DATA TO USE>
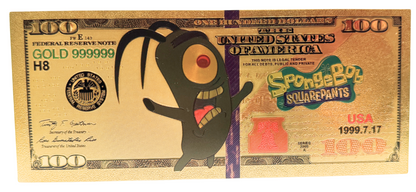 $100 SPONGEBOB: PLANKTON NOVELTY GOLD FOIL NOTES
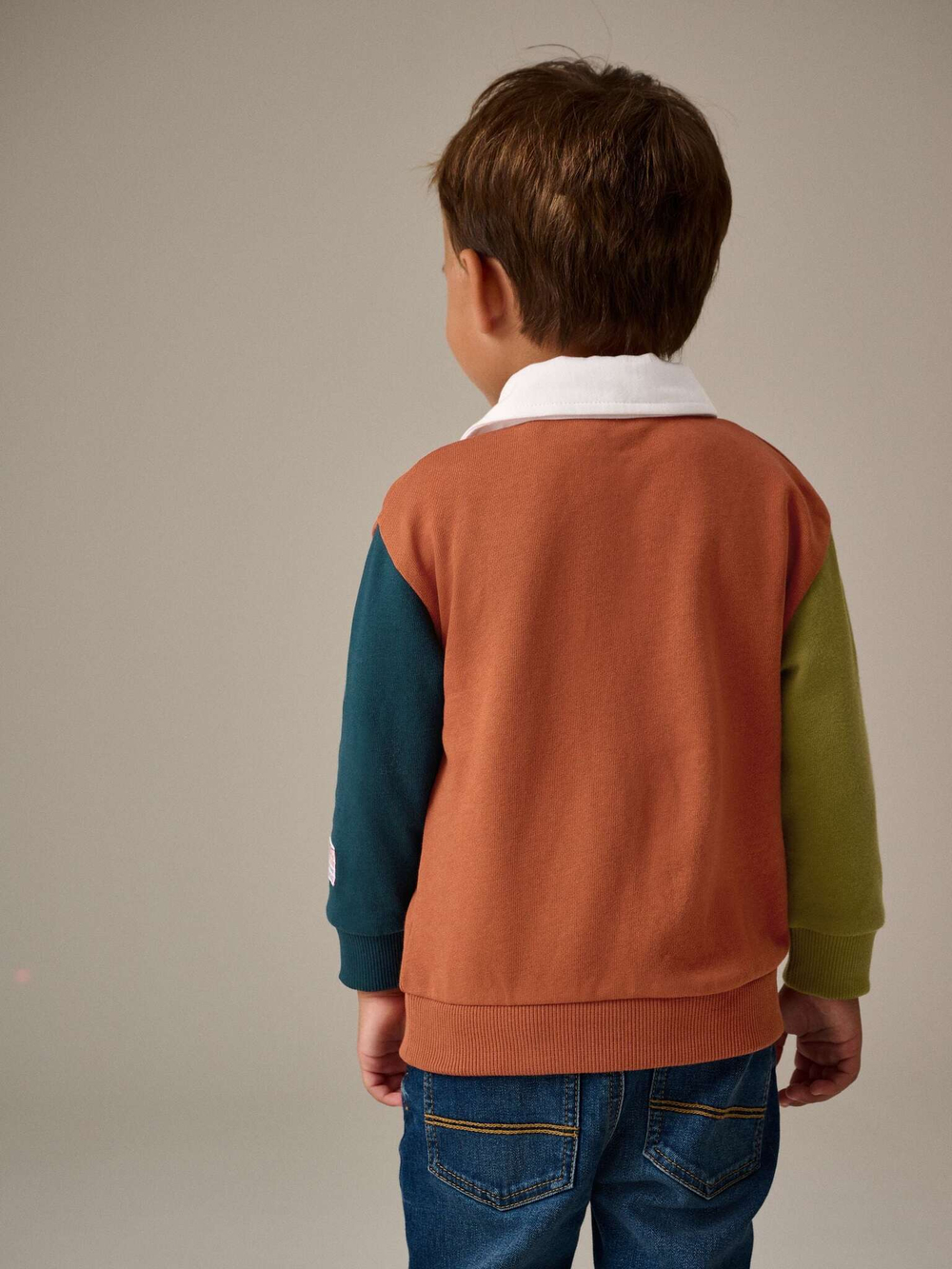 Толстовка с воторником для мальчика Next B27-983, Кирпичный, Салатовый, Синий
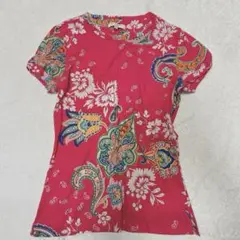 エトロ ETRO 花柄 ペイズリー カットソー ピンク系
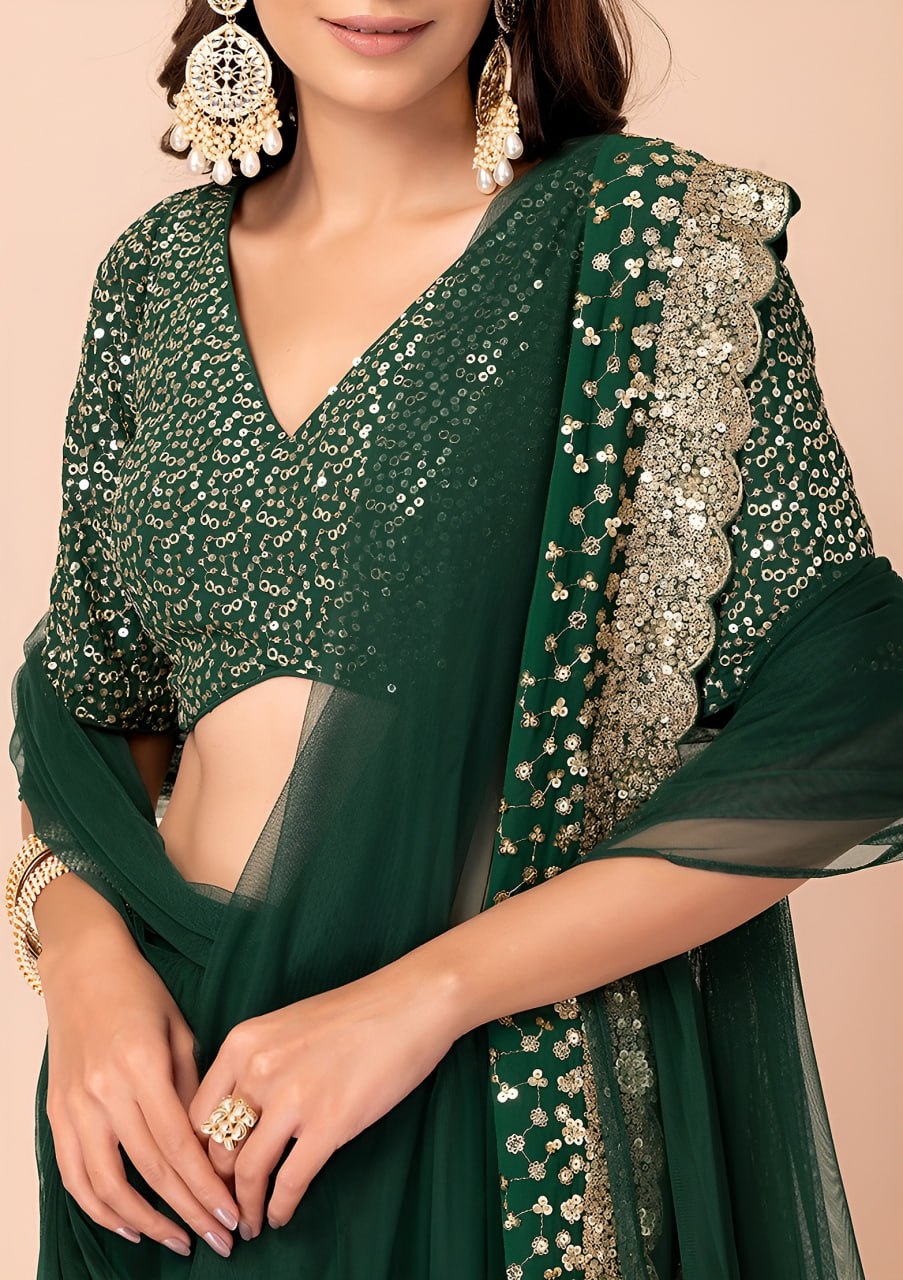 Buy Georgette Lehenga Choli with Zari & Sequins Work Online
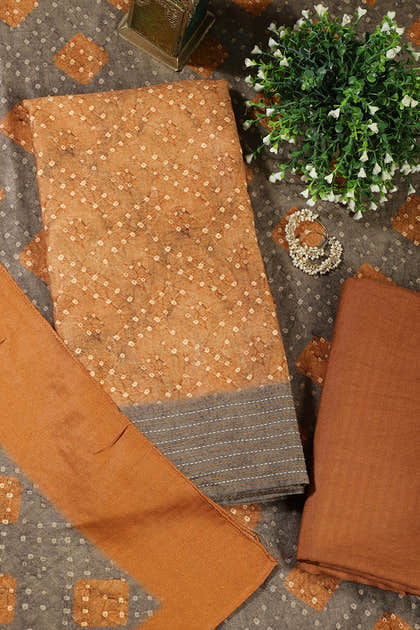 Mustard Spun Bandhani Printed Unstitched Suit Fabric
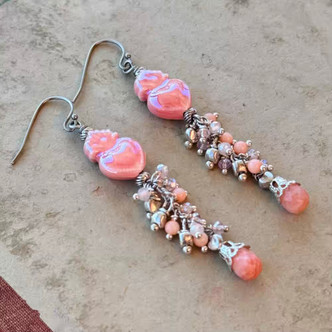 Heartfelt Drop Earrings Silver Pink Artisan Made in the USA Per Pair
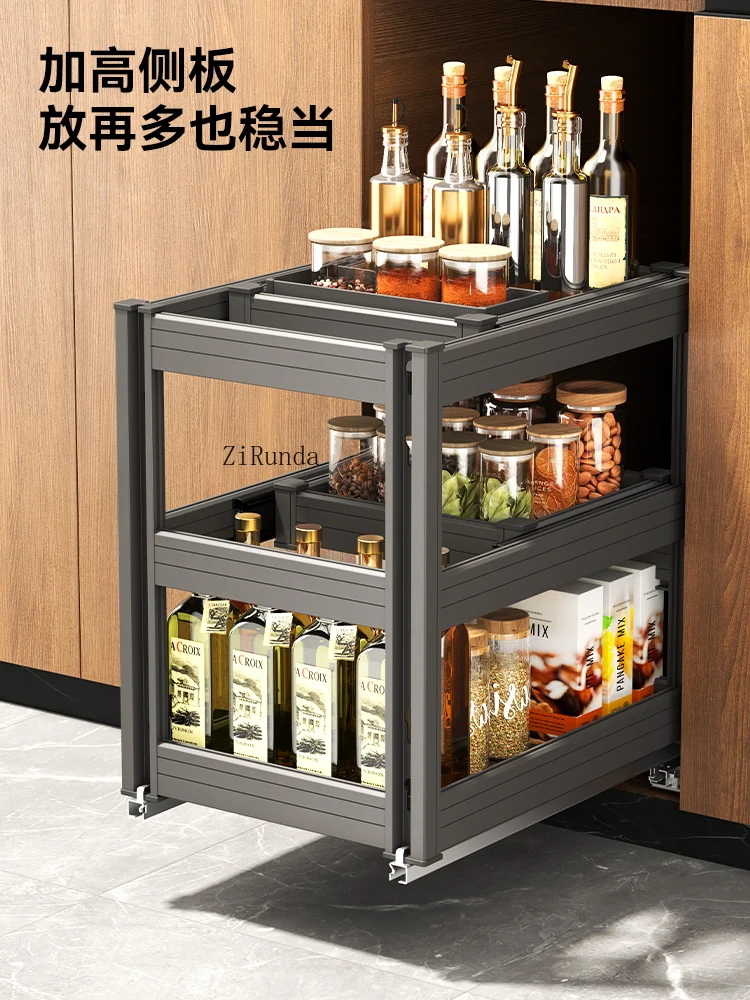 Kitchen Cabinet Seasoning Drawer Type 304 Stainless Steel Drawing Slide Dishes Seasoning Magic Locker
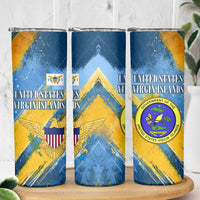 United States Virgin Islands Skinny Tumbler with Blue Yellow Eagle Design and Government Seal - Wonder Print Shop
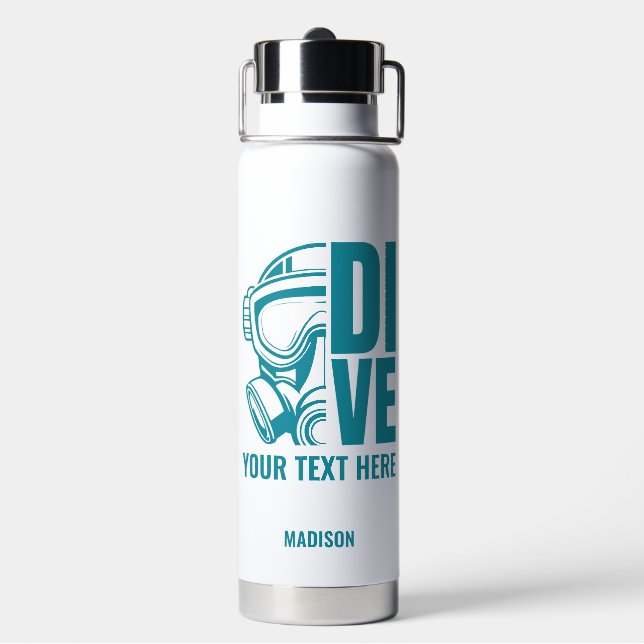 Bouteille D'eau Nom et emplacement personnalisés Plongée sous-mari (Arrière)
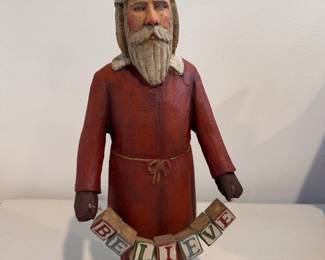 Folk Art Santa with Believe Sign. Hand-Made by American Carver Ed Pribyl. Photo 1 of 3. 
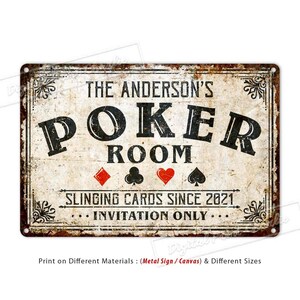 Bar Sign, Poker Room Sign, Custom Metal Sign, Game Room Decor, Personalised Gifts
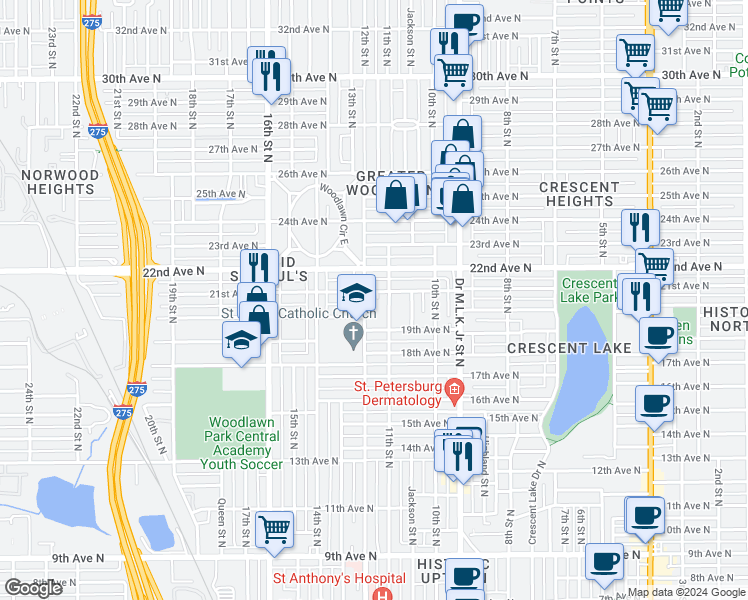 map of restaurants, bars, coffee shops, grocery stores, and more near 1126 21st Avenue North in St. Petersburg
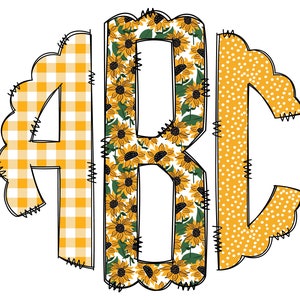 Sunflower Fall Monogram Letters, Boho Sublimation PNG Elements Hand Drawn Doodle Alpha Bundle, Spring Gingham Sublimation Font PNG Floral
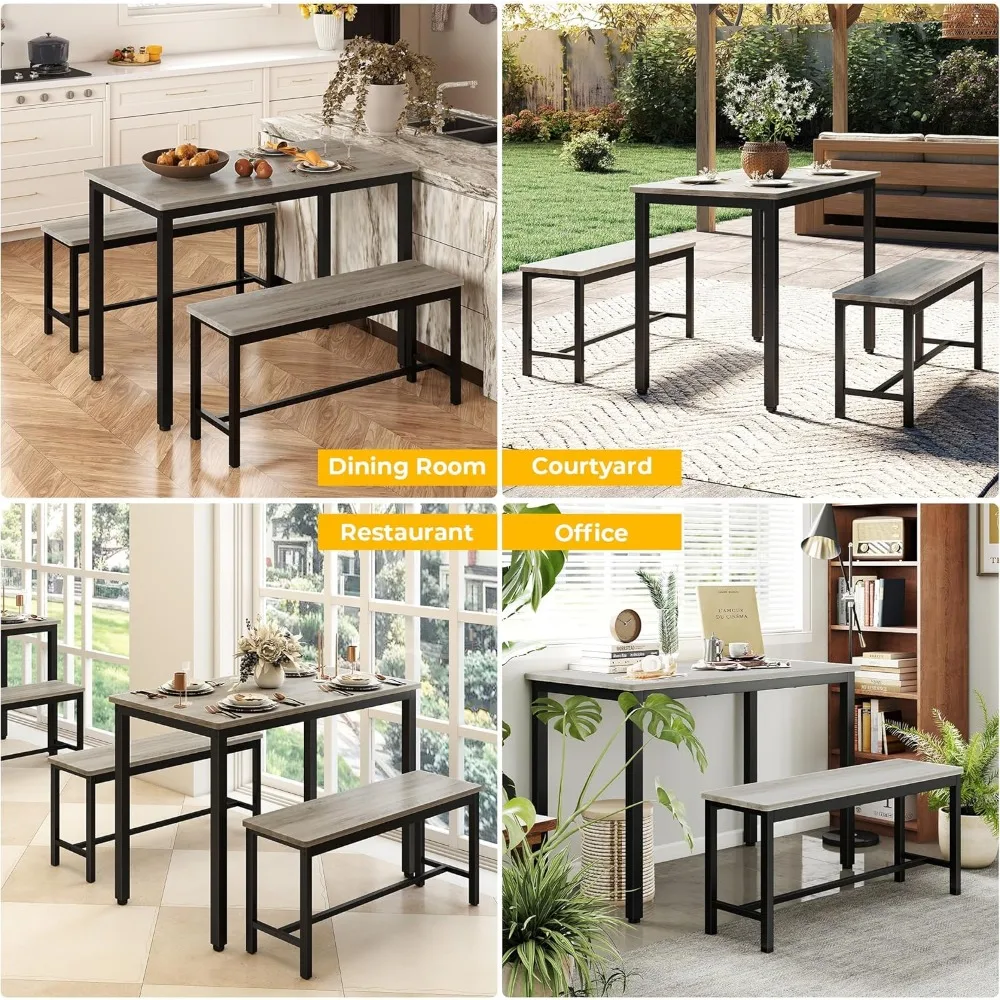 Durable 4-Person Dining Table Set with Bench, Easy Assembly Kitchen Table, Space-Saving Design Ideal for 4, Green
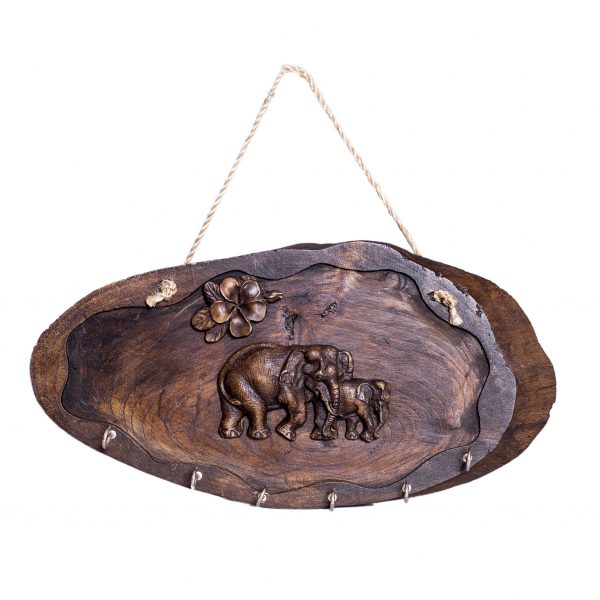 Wooden Elephant Key Ring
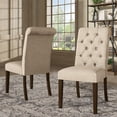 thumbnail image 1 of Weston Home Lottie Chic Beige Linen Button Tufted Dining Chair (Set of 2), Brown wood finish, 1 of 8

WORK TO BE COMPLETED>
Nothing but the lines from the beginning of the material through the line with "Bar Sign, Poker" should appear, printed exactly, with no pictures among them.

SOLVED EXERCISE>
 $100 SPONGEBOB: PLANKTON NOVELTY GOLD FOIL NOTES
 Толстовка с воторником для мальчика Next B27-983, Кирпичный, Салатовый, Синий
 エトロ ETRO 花柄 ペイズリー カットソー ピンク系
 Buy Georgette Lehenga Choli with Zari & Sequins Work Online
 Mustard Spun Bandhani Printed Unstitched Suit Fabric
 Heartfelt Drop Earrings Silver Pink Artisan Made in the USA Per Pair
 Kitchen Cabinet Seasoning Drawer Type 304 Stainless Steel Drawing Slide Dishes Seasoning Magic Locker
 United States Virgin Islands Skinny Tumbler with Blue Yellow Eagle Design and Government Seal - Wonder Print Shop
 Bouteille D'eau Nom et emplacement personnalisés Plongée sous-mari (Arrière)
 Folk Art Santa with Believe Sign. Hand-Made by American Carver Ed Pribyl. Photo 1 of 3. 
 Bar Sign, Poker Room Sign, Custom Metal Sign, Game Room Decor, Personalised Gifts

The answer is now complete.